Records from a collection
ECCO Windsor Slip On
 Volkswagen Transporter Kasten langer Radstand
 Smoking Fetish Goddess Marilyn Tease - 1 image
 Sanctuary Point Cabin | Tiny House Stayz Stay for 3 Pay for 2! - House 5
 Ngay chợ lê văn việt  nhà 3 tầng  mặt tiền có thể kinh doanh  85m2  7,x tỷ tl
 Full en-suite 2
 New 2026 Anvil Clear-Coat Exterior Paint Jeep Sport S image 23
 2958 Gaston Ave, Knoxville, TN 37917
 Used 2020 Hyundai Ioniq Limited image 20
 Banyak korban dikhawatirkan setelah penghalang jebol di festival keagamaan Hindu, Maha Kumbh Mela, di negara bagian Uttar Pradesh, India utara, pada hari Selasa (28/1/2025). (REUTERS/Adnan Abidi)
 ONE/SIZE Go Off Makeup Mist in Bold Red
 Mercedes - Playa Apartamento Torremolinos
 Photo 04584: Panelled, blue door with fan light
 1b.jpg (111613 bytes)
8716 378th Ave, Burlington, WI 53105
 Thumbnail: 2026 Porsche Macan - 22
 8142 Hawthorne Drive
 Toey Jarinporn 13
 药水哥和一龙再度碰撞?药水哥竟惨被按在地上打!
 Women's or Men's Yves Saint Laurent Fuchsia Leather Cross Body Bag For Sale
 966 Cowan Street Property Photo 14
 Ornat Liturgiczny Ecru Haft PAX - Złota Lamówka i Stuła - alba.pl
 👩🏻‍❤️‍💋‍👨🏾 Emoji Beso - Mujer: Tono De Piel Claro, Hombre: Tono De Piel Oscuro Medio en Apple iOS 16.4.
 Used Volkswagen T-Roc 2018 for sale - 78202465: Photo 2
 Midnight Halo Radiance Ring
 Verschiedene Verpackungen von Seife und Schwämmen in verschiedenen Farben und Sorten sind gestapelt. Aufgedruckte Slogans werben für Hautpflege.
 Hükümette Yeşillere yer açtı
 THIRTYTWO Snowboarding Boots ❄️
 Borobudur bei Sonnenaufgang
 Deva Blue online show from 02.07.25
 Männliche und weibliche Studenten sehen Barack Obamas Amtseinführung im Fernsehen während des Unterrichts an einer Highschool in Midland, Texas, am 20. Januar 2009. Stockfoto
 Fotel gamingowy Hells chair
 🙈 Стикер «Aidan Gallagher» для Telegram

**Exercise goal:** State only how many lines above contain "image".

**Task solution:** 3